#### [What to do]
Your reply should be one number: how many lines of the material contain the word "against".

#### [Information]
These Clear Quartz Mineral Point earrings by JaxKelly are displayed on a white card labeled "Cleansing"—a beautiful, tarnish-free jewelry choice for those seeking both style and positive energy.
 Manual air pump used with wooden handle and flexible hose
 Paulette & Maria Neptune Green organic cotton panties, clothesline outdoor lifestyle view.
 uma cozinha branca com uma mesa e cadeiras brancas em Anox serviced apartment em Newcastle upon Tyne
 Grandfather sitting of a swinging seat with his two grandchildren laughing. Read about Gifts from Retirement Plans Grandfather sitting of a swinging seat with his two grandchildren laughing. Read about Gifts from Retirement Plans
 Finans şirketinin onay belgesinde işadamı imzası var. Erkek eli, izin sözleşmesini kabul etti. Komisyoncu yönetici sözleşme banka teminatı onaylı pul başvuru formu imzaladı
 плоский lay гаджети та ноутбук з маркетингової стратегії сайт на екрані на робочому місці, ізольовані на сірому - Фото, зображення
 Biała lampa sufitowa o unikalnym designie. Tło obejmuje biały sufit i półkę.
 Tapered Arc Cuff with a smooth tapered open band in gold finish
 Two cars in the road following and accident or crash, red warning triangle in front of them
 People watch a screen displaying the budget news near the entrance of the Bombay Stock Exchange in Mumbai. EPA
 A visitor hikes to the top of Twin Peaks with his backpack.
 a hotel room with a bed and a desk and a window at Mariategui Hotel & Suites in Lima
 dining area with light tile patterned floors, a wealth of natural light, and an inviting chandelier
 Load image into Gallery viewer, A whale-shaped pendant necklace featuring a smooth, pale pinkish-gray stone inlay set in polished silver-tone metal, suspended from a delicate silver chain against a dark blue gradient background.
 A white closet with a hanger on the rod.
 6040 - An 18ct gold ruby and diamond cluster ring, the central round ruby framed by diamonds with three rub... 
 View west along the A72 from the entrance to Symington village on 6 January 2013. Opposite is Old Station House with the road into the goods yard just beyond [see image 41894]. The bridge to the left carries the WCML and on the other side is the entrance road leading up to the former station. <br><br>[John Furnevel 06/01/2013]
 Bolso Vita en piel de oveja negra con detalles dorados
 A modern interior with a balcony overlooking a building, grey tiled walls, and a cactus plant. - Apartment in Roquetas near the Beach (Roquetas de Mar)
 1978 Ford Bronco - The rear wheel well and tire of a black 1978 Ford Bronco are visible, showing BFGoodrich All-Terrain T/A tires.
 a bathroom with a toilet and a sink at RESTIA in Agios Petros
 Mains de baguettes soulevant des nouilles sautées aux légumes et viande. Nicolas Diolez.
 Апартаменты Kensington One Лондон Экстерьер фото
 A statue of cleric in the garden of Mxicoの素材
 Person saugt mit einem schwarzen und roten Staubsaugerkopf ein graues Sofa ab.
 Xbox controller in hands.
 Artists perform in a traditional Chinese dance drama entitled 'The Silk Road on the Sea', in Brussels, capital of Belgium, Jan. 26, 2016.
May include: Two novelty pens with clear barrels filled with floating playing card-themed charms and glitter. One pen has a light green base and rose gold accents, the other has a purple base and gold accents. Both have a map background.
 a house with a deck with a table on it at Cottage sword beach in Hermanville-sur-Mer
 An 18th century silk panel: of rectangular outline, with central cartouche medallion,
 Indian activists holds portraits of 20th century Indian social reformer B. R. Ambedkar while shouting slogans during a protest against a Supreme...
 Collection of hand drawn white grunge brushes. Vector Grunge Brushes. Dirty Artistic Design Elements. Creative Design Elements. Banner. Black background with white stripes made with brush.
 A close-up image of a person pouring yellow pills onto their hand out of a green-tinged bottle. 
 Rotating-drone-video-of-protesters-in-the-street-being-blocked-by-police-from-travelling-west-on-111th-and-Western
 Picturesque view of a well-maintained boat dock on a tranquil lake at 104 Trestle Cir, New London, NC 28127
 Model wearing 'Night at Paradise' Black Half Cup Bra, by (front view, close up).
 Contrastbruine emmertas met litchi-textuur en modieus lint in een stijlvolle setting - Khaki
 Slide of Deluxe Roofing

#### [Task response]
2